An introduction to TransformStreams

I have been really enjoying protohackers recently. Protohackers feels quite similar to Advent of Code but on a less rigid schedule and with a focus on low level networking code (TCP & UDP). I have been doing the challenges with Deno and have learned a lot both about networking, binary protocols and about Deno.

In the beginning, my code was very imperative but for one of the more recent challenges, I started looking into Deno’s streaming APIs some more. Deno uses the newly standardised Web Streams API which attempt to make streaming APIs available in a variety of JavaScript runtimes.

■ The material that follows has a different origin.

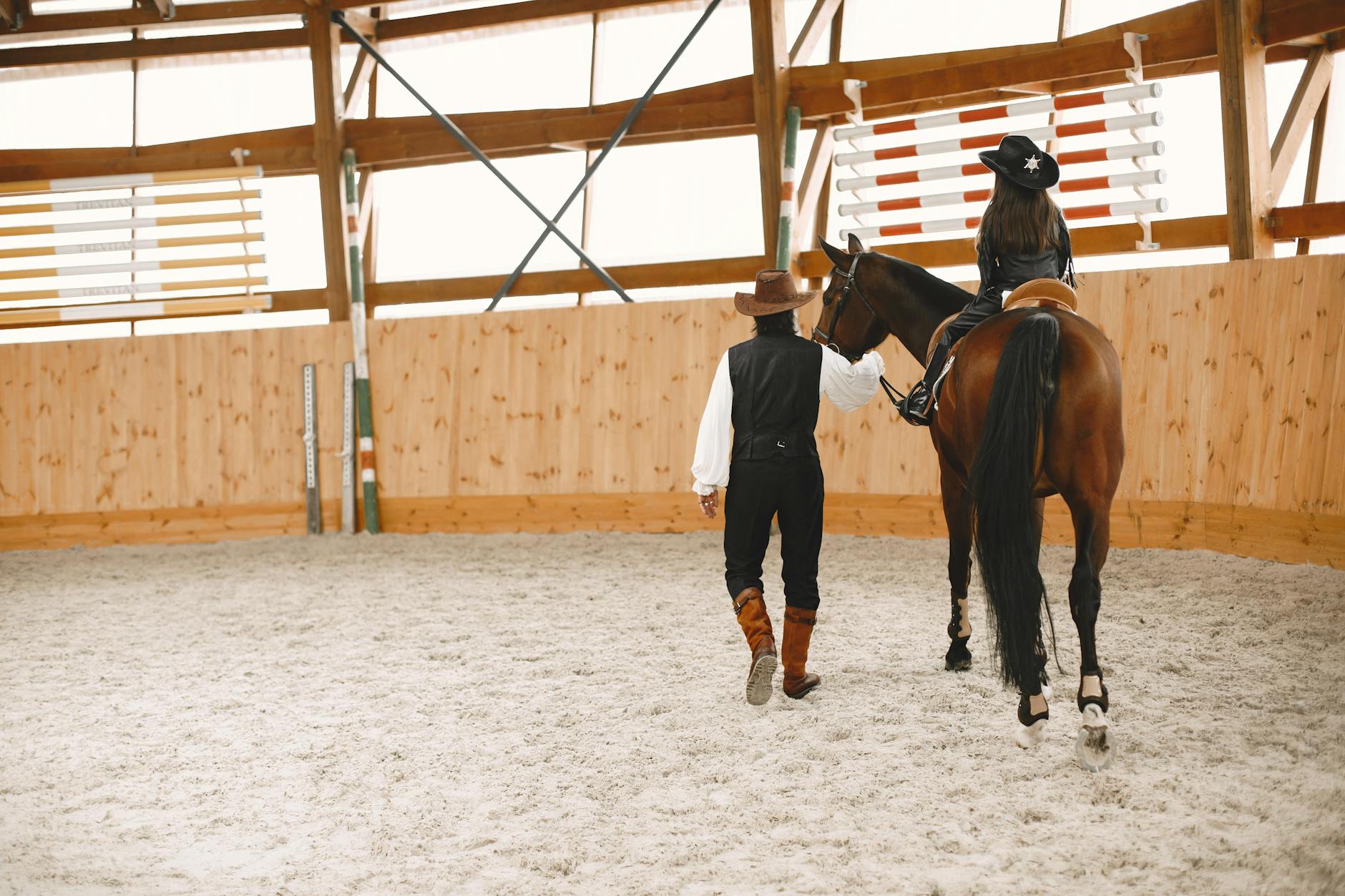 Instruktor w kowbojskim kapeluszu prowadzi dziewczynkę na koniu w hali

For the challenge I was attempting, I needed to parse binary data and pass it on as objects on a higher abstraction level. I quickly found that a TransformStream would be what I wanted for converting the data but I could not find a lot of detailed documentation on them. The Deno blog contains a basic example and I also found it helpful to read the source code of the DelimiterStream class in Deno’s std-lib .

I’m going to try to summarise what I have learned and will show another couple examples here.

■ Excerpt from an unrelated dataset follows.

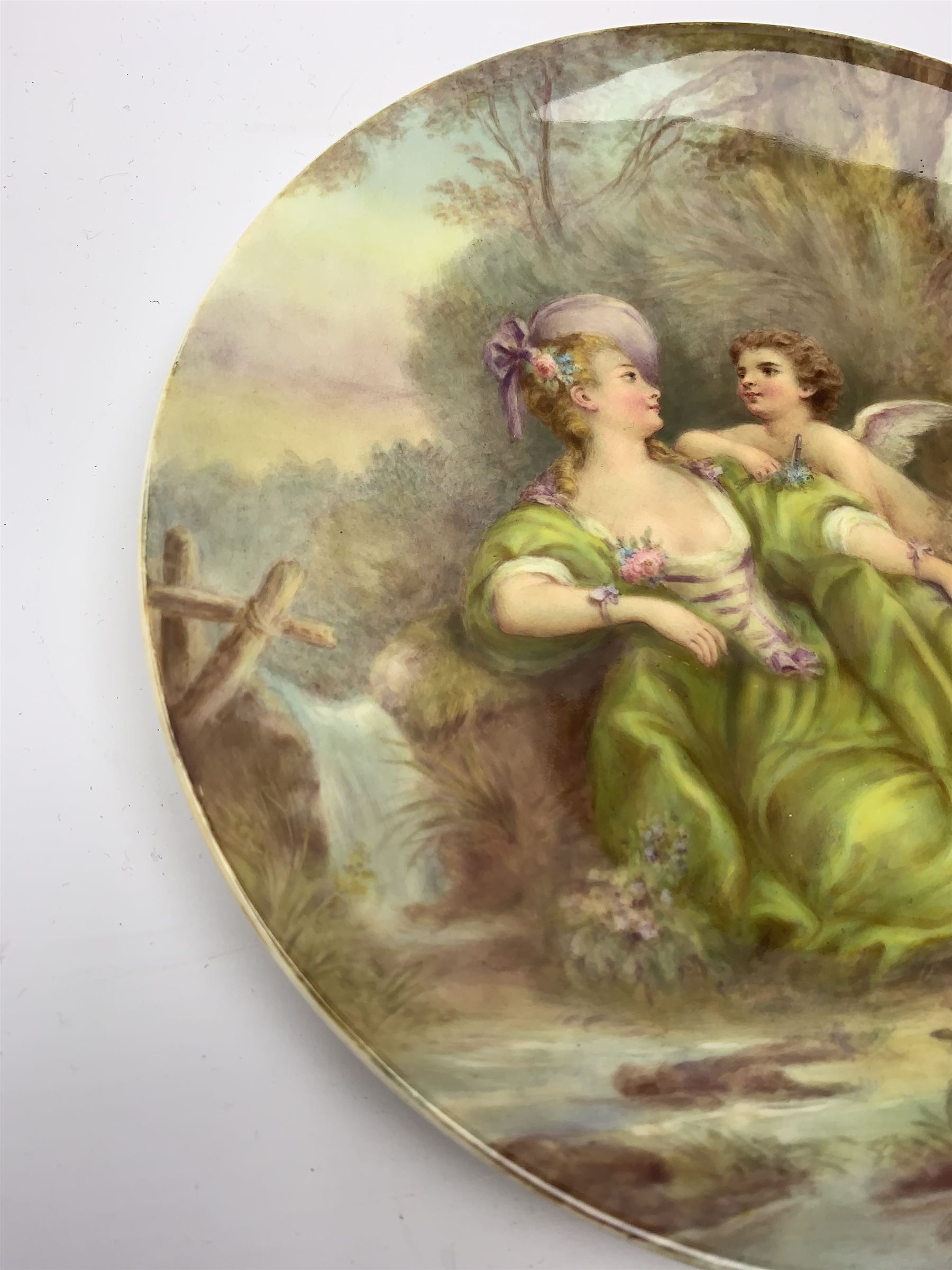 Late 19th century porcelain plate, hand painted by Frederick Sutton, depicting a female figure and putto within a wooded landscape, with recumbent sheep and brook to the fore, signed F N Sutton, unmarked verso, D22.5cm

Frederick Sutton was employed as a painter at the notable factories of Royal Worcester, Coalport, and Minton.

Let’s start with the most basic way to use streams. We’ll create a stream that is both writable and readable and will pass some data though it:

import { writableStreamFromWriter } from "https://deno.land/std@0.157.0/streams/conversion.ts";

const stream = new TransformStream();

stream.readable
  .pipeThrough(new TextEncoderStream())
  .pipeTo(writableStreamFromWriter(Deno.stdout))
  .catch(console.error);

const texts: string[] = ["message 1\n", "message 2\n"];

const writer = stream.writable.getWriter();
for (const part of texts) {
  await writer.ready;
  await writer.write(part);
}

If we run this, we will get the following output:

message 1
message 2

Not very exciting yet. We create a TransformStream - that is a stream that has both a readable and a writable side. In reality, you would probably have a readable stream here, something like a Deno.conn or the result of a fetch call. We then connect a new output to the stream by wrapping Deno.stdout in a writableStreamFromWriter.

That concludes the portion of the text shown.